Kalish took a look at the forward earnings yields of companies in the S&P 500 and the technology heavy Nasdaq-100
NDX,
plotting them against real 10-year Treasury yields. He found a rising spread resulted in stocks outperforming their historical return, while a falling spread resulted in underperformance. Falling real yields would widen the spread, while rising real yields would narrow it.
The difference in the annual gain for the S&P 500 was around 4 percentage points, he said, and nearly 6 percentage points for the Nasdaq-100.
Indeed, the relationship between real yields and tech stocks is particularly strong, Kalish said, and has strengthened since the Fed pivoted to an easier monetary policy stance in 2019. Tech and other growth-oriented stocks are sensitive to movements in interest rates because their valuations are based on expectations for earnings growth and cash flow.
That means tech stocks and growth-oriented names could be particularly vulnerable if real yields begin to rise, Kalish said.
On the flip side, an index of broad cyclical stocks tends to be positively correlated to real yields — rising and falling together, the analyst noted.
Outside of equities, the inverse relationship between gold and real yields also stands out, with the yellow metal rising when real yields fall and declining when real yields rise.
“Since the GFC (great financial crisis), it seems like just the direction of real yields is what’s mattered for gold,” he said.
And then there’s bitcoin
BTCUSD,
which struggled from its late 2017 peak to late 2018 — a period that was largely accompanied by rising real yields, Kalish noted. He found that bitcoin has rallied 180% per annum when real yields are falling compared with a still quite respectable but much lower — by several orders of magnitude — 37% when real yields are on the rise.
It all speaks to the attention investors need to pay to the Fed and other central banks. The Fed begins tapering its monthly bond purchases this week, on a timetable to wind down the program by June.
Investors have increased bets that the Fed will move quickly to begin raising their policy interest rates once the taper is completed. A flattening of the yield curve as short-term rates rise faster than longer-dated rates in anticipation of Fed action has some investors citing the potential for a policy mistake, with a monetary policy tightening sparking an economic downturn.
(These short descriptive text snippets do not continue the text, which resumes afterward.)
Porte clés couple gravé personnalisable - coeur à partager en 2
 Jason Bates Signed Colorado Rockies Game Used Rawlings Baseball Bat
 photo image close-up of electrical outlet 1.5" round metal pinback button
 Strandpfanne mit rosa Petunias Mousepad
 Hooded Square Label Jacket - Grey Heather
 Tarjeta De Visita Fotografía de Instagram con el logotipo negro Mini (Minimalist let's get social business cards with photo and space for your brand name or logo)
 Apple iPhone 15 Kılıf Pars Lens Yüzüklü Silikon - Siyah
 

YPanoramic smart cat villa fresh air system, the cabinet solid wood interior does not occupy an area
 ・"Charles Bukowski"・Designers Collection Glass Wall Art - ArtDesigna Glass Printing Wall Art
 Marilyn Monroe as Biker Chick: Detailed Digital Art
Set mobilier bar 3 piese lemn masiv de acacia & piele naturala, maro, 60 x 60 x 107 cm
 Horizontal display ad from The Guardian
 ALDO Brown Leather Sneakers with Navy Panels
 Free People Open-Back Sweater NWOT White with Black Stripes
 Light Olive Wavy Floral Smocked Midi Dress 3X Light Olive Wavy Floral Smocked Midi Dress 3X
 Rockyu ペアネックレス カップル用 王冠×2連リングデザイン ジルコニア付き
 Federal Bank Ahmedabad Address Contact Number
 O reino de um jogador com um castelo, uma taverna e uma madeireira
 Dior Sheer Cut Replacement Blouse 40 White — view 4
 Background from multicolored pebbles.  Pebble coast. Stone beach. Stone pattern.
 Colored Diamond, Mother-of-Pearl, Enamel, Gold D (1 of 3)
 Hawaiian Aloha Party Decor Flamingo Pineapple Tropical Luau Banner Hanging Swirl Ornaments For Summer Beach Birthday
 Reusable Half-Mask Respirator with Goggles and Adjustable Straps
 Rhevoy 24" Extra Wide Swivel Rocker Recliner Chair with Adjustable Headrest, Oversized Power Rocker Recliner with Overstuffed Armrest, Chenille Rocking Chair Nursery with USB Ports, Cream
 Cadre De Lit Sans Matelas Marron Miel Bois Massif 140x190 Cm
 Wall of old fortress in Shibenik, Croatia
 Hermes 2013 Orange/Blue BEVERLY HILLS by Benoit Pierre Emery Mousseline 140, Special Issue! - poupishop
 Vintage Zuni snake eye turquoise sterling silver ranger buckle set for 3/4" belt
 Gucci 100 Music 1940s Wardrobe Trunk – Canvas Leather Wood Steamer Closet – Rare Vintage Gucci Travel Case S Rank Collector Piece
Kalish contends the curve is sending a more benign signal, reflecting expectations that the Fed will move in time to rein in inflation. There would be a danger, however, if the Fed ends up delaying its timetable.
“If the Fed and other central banks were to hike rates and start pushing real yields higher it could provide some headwinds to some of these other asset classes,” Kalish said.
Investors will parse the minutes of the Fed’s Nov. 2-3 policy meeting, when they’re released at 2 p.m. Eastern on Wednesday this coming week, a jam-packed day of U.S. data that will also include weekly jobless claims, October durable-goods orders, personal consumption and spending data and other releases ahead of Thanksgiving Day holiday on Thursday, when U.S. markets will be closed.
The Nasdaq Composite
COMP,
closed at a record 16,057.44 on Friday, rising 1.2% for the week. The Dow Jones Industrial Average
DJIA,
suffered a second straight weekly loss, down 1.4%, while the S&P 500 lost 0.3%. The Dow sits 2.4% below its record close from Nov. 8, while the S&P 500 is just 0.4% off its record finish from Thursday.